Robust Max Selection
Trung Dang, Zhiyi Huang
TL;DR
This work develops a robust model for algorithm design under adversarial corruption of input data and studies the problem of finding the uncorrupted maximum among $n$ elements with $k$ corrupted ones. It proves that outputs must contain the uncorrupted maximum and must include at least $\\min\\{n, 2k+1\\}$ elements, then provides tight deterministic and randomized results: a deterministic algorithm with $\\Theta(nk)$ query complexity and a matching lower bound, and a randomized two-stage algorithm with high probability success and $O(n + k\\,\\operatorname{polylog} k)$ queries, nearly matching the fundamental $\\Omega(n)$ lower bound for randomness. The results establish near-optimal trade-offs between output size and query complexity in the presence of adversarial input corruption and outline open directions for tightening bounds and extending to broader selection tasks. These findings advance robust algorithm design when data owners may act adversarially and comparisons yield unreliable information, with potential implications for distributed systems and fault-tolerant data processing.
Abstract
We introduce a new model to study algorithm design under unreliable information, and apply this model for the problem of finding the uncorrupted maximum element of a list containing $n$ elements, among which are $k$ corrupted elements.

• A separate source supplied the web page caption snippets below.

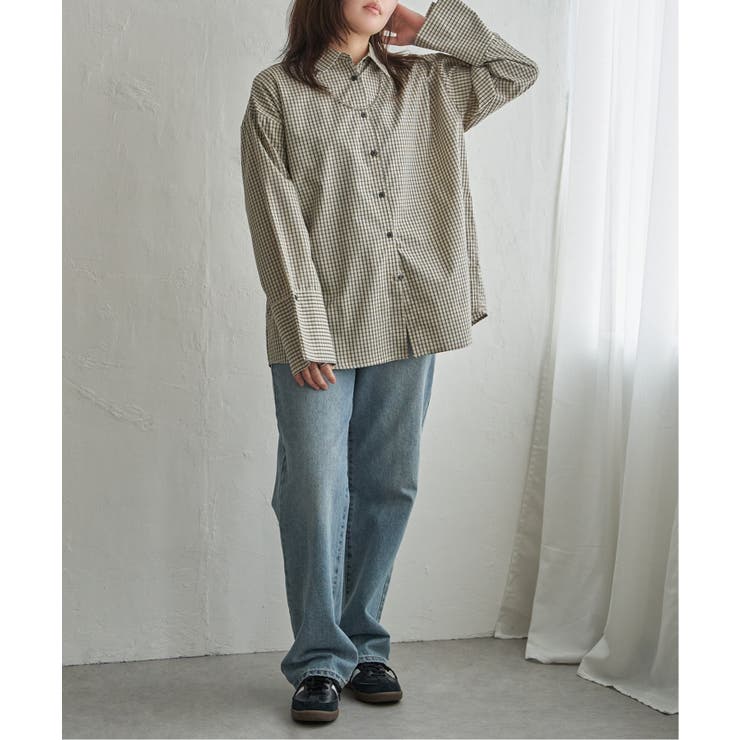 チェックオーバーサイズPKシャツ | VENCE share style【WOMEN】 | 詳細画像9 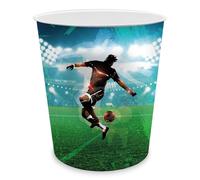 itenga Papelera para niños con diseño - redonda aprox. 11 litros - Cubo de basura para habitación infantil - plástico estable (diseño de fútbol)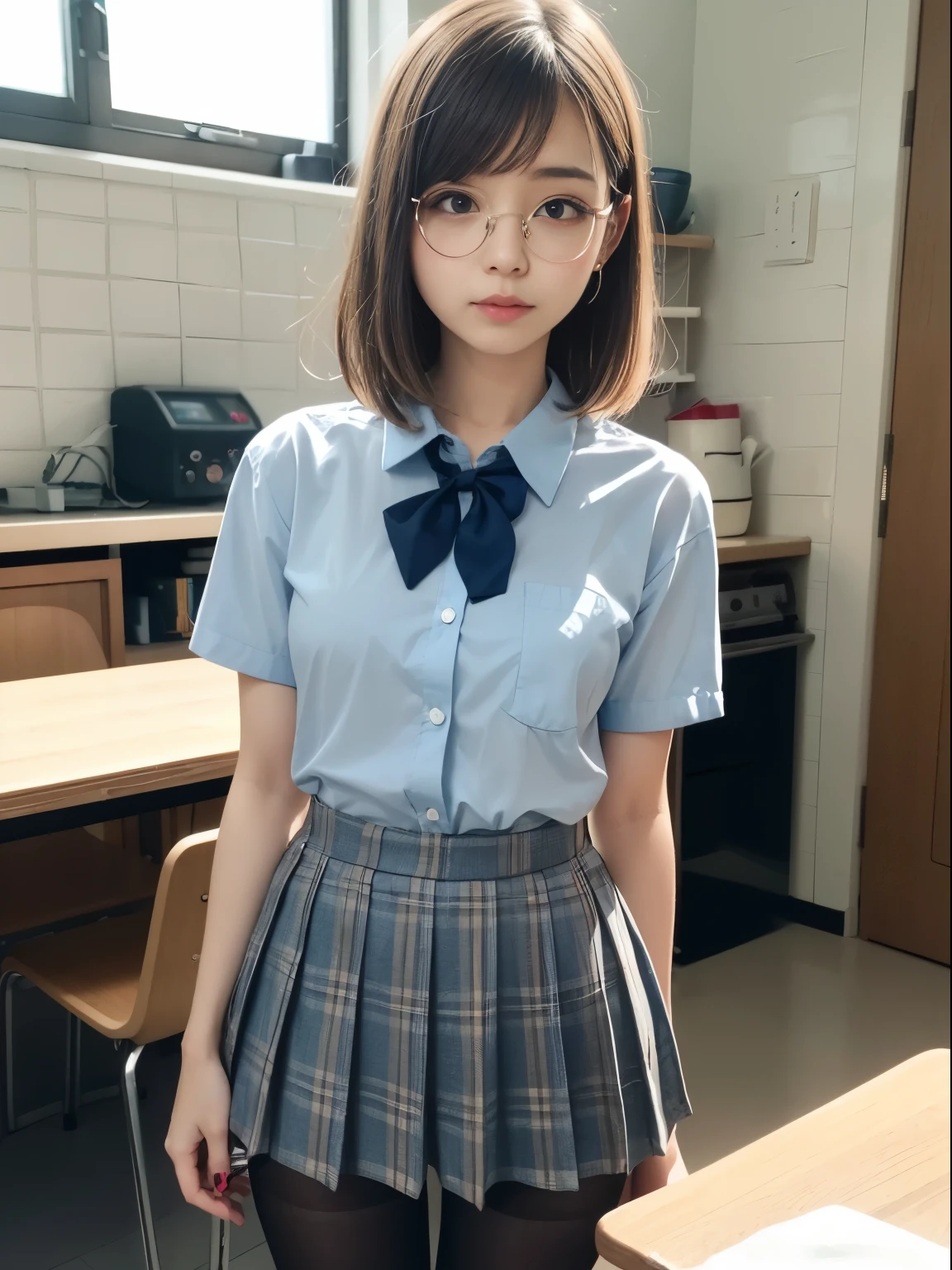 (8k、生photograph、Highest quality、masterpiece:1.2)、Short Bob Cut、(Small eyes)、(Black Pantyhose)、((Small breasts)、(Small breasts)、(Small breasts)、(Cutting board)、(Cutting board))、((Half an eye))、((Sleepy eyes))、((Squint your eyes))、(Round Glasses)、One person、cute、JK、high school girl、Japanese women、Are standing、(PhotoReactive:1.37)、Photon Mapping、Real、(Very delicate face)、cute小さな顔、Brown eyes、(Red bow tie)、Radio City、Physically Based Rendering、Prospect、Character boundary depth、Blurred Background、photograph、girl、body、Beautiful feet、Long legs、Thin legs、(前hairが見える)、hair、lips、Blue_The目、Soft Nose、(Light blue shirt)、(Navy, blue and white plaid pleated skirt)、High school uniforms、See-through clothing、Thighs、black cotton socks、Nogizaka Idol、、Japan Ido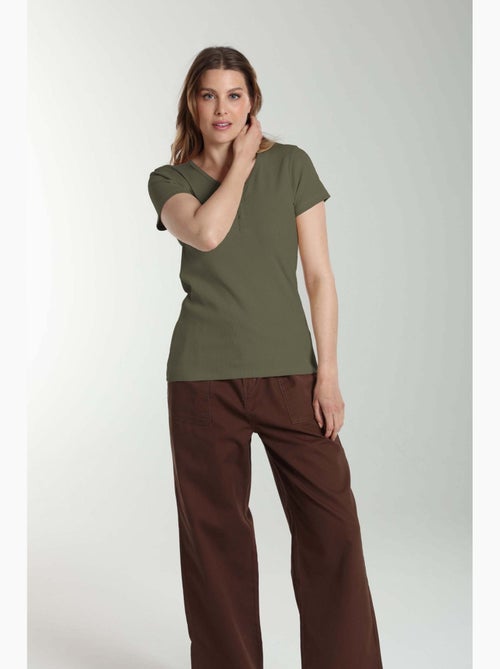 Tee shirt cotele manches courtes femme Drew  | Gerard Pasquier - Kiabi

Under our model, algorithms can perform black-box comparison queries between any pair of elements. However, queries regarding corrupted elements may have arbitrary output. In particular, corrupted elements do not need to behave as any consistent values, and may introduce cycles in the elements' ordering. This imposes new challenges for designing correct algorithms under this setting. For example, one cannot simply output a single element, as it is impossible to distinguish elements of a list containing one corrupted and one uncorrupted element. To ensure correctness, algorithms under this setting must output a set to make sure the uncorrupted maximum element is included. We first show that any algorithm must output a set of size at least $\min\{n, 2k + 1\}$ to ensure that the uncorrupted maximum is contained in the output set. Restricted to algorithms whose output size is exactly $\min\{n, 2k + 1\}$, for deterministic algorithms, we show matching upper and lower bounds of $Θ(nk)$ comparison queries to produce a set of elements that contains the uncorrupted maximum. On the randomized side, we propose a 2-stage algorithm that, with high probability, uses $O(n + k \operatorname{polylog} k)$ comparison queries to find such a set, almost matching the $Ω(n)$ queries necessary for any randomized algorithm to obtain a constant probability of being correct.